Running gaf, whats the max one should run a week? I've set myself on the runtastic app, and it says I need a minimum of 18 miles a week to make it by the end of the year. Is that too much or too little?
It's really dependent on your experience, age, current weight, injuries, goals and other activities outside of running.
18 miles is low unless you are starting, overweight or have no racing goal and just want "general fitness". It's perfectly fine. Don't stress about it. Just run and enjoy.

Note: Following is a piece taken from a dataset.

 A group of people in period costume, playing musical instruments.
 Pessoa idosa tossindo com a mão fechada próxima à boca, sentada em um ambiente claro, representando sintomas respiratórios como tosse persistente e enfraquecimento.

If you provide more details about your goals I can give more precise information. What is your previous max? For how long?
You can stop reading now if you don't want too much details going over the scope of your question.
Max number of miles is meaningless unless your goal is just to run the most miles. Max mileage is not the same as max efficient mileage. If someone just like to run lots of easy mileage fine. That person will not maximize anything other than its mileage. Usually people run either for health and/or performance.
I don't follow closely the research on running for health. But if I recall correctly, usually running 3-5 times a week about 20 minutes is the ballpark figure where the heart benefits for longevity and well-being starts to plateau. Don't quote me on that. The number is probably wrong.
The ideal weekly mileage for performance is as much as possible while you can recover from your workouts and avoid injury. It takes years of buildup to reach that sweet spot.
Rare are elites running more than 200. It also depends on your goal distance, marathons specialists run usually a little more than their 5k colleagues.
Us amateurs will likely never hit our real max effective mileage for numerous reasons. Not enough time, not worth the very low diminishing return, starting too late, too much too soon, injuries, etc. Our max effective mileage is also much lower than elites; we don't have their incredible bodies and genetics.
Plus, you don't run you max effective mileage all year long, usually just some weeks here and there. Training is done in cycle. Increasing mileage is just another stress to add and adapt to during training. If the only stress you have in your training is mileage you will run slow. Roughly: Lots of mileage mean a big base -> A big base means you can run harder workouts. -> Harder workouts mean a stronger stimulus -> You get more fit.
Don't compare with other people. They are not you. They don't run the same paces. 16 easy miles for an elite around 1h40, can be done daily without issue. 16 easy miles for most people is over 2 hours, not sustainable. Comparisons with elites are always extreme but the same is true between someone with 0-1 year of experience vs 5-7. No two people react to the same training the same way either.
I like to run 80-90 with some weeks at 100 in a cycle, 60-70 off-season. (and that might have been slightly too much over the years, see a previous post of mine)
Pros run 100-200. (with years of buildup and the luxury of having whole days to recover)
Most dedicated runners I know run 50-80.
A close friend runs 25.
It does not really matter.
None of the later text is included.